Lying in bed tonight, 7th November 2015 listening to the fireworks going off for the third night in a row I can’t help but remember responding to one of the usual injured by a firework incidents that I seemed to attend every bonfire night, weekend, week… It seems to last longer every year.
I was the Duty Fire Investigation Officer for the West Midlands and was called to an incident in a yard in the Black Country, close to Wolverhampton. I had been finishing off the investigation into a house fire about a mile away when I was informed of this latest job.
I arrived at the scene to find a Fire Engine and a Police car parked outside a scrapyard/vehicle recovery yard/recycle centre. There was the remains of a bonfire which had been well and truly put out by the fire crew, and about 10m away a pile of discarded blood soaked bandages.
A Police Officer informed me that a Firework had hit the man in the head causing a horrific injury. The man had died at hospital
Examination of the fireworks that had been set off seemed to indicate that, although people had bee stood well within the 25 m safety range everything else was in place to use them safely.
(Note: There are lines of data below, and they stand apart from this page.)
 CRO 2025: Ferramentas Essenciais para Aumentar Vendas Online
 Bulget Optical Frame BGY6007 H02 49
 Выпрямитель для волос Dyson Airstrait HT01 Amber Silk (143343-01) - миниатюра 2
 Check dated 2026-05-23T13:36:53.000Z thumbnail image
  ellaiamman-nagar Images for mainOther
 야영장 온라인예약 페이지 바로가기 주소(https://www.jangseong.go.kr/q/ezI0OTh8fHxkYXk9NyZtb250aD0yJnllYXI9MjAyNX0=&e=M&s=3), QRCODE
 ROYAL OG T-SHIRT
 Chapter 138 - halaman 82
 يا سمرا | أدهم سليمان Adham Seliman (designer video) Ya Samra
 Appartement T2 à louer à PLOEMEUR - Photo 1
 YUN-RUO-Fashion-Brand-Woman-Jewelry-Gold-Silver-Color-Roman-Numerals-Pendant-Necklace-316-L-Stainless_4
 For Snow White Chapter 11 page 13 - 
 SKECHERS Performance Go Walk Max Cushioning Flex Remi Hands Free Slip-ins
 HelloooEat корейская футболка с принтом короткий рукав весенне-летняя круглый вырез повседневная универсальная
All of the big box 100+ fountains were angled away from the area the small crowd of the family and friends of the workers had been standing. There was no evidence of any firework carcasses anywhere in the yard, except a few empty tubes of Roman candles nailed onto timber frames.
Mooching around the yard, just beyond where the man had fallen I found a small piece of copper pipe. The pipe had body tissue and blood on the outside but also inside the tube. Recovering, bagging-and-tagging the pipe so as to enter it into evidence I returned to the soggy remains of the bonfire and started to drag it out. Using a drag hook to pull the debris into a manageable area to examine it. When I earlier mentioned the fire was extinguished and a soggy mess what I didn’t mention was it was about nine metres square and about a metre high.
As I started to drag it out I found the remains of a fridge from a caravan. The back of the fridge had the usual sealed pressurised refrigeration system. The compressor and condenser were still in place however part of the exchanger coil had ripped apart. The missing pice was a “perfect physical fit” for the blood covered one I had found close to where the man fell.
The fridge had been thrown on the fire. The heat had expanded the gases in the refrigeration system. Eventually the weak point gave way violently and a piece of the exchanger coil, the piece of copper tubing was shot with some velocity out of the bonfire. It speared the unfortunate man in the eye, passed through his Brain, excited his head via the back of the skull and fell to the ground. In front of his friends and family
Everybody was convinced he had been hit by a fire work. Yet in there own way everybody had made the ad-hoc display as safe as possible
Somebody just made the mistake of throwing a fridge on the fire
The Post Mortem and scientific tests on the traces of soft tissue on the remains of the pipe confirmed it was that which caused the fatal injury.
Be careful on these nights. Booze, fireworks-which are mini explosive devices, and fire are not a good mix.
Respect the emergency service people that are out there looking after you. When you need them. You really need them!!!!!